Task brief
Word for word, reproduce all entries below, leaving every picture out.

Brief descriptive captions:
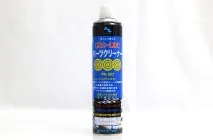 パーツクリーナー PA-002/Y012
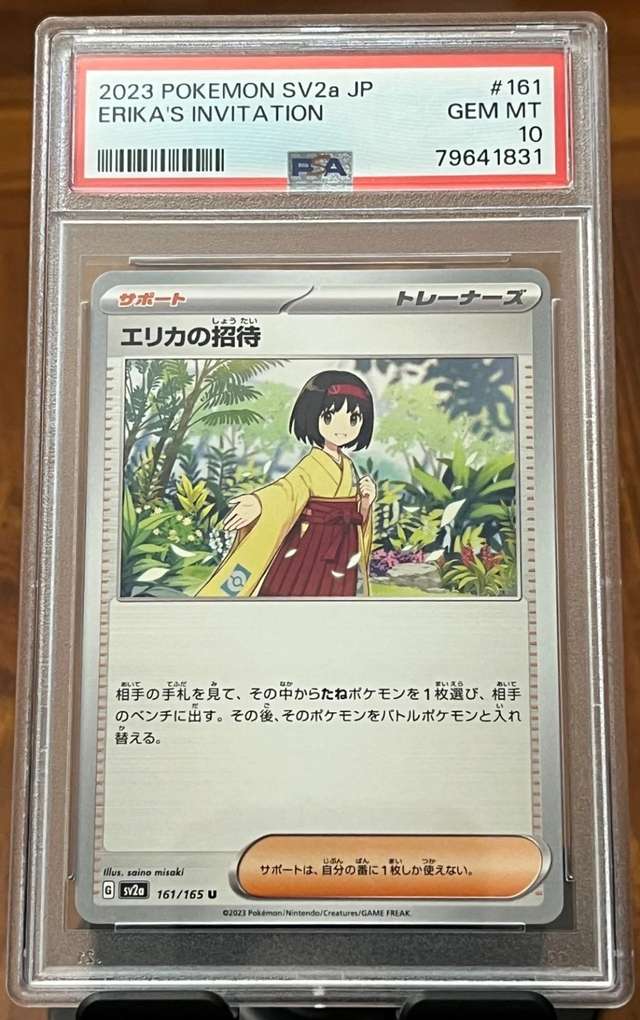 ERIKA'S INVITATION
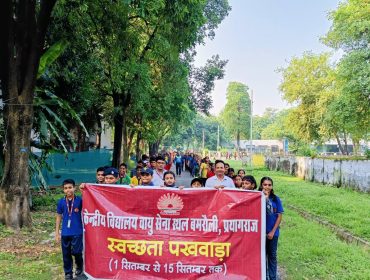 Swachchhata Pakhwada
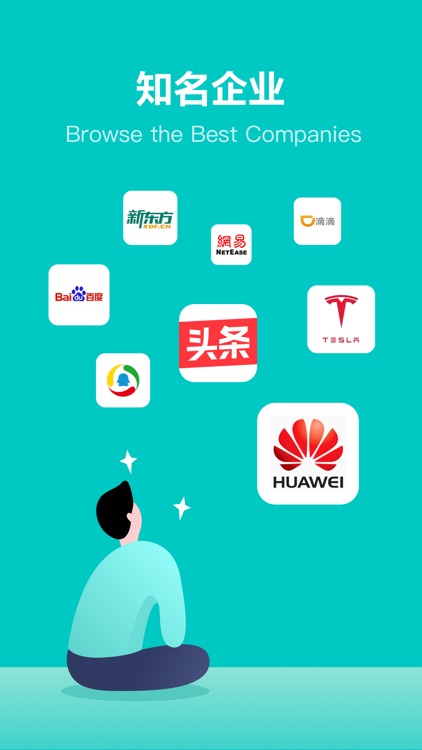 BOSS直聘-招聘求职找工作神器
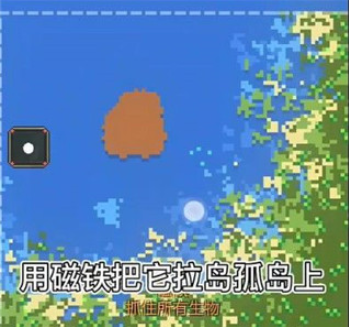 世界盒子上帝模拟器官方正版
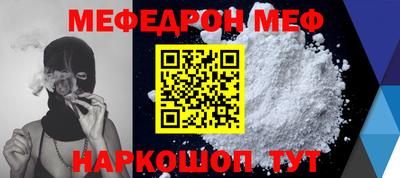 дурь Гатчина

Task solution
 パーツクリーナー PA-002/Y012
 ERIKA'S INVITATION
 Swachchhata Pakhwada
 BOSS直聘-招聘求职找工作神器
 世界盒子上帝模拟器官方正版
 дурь Гатчина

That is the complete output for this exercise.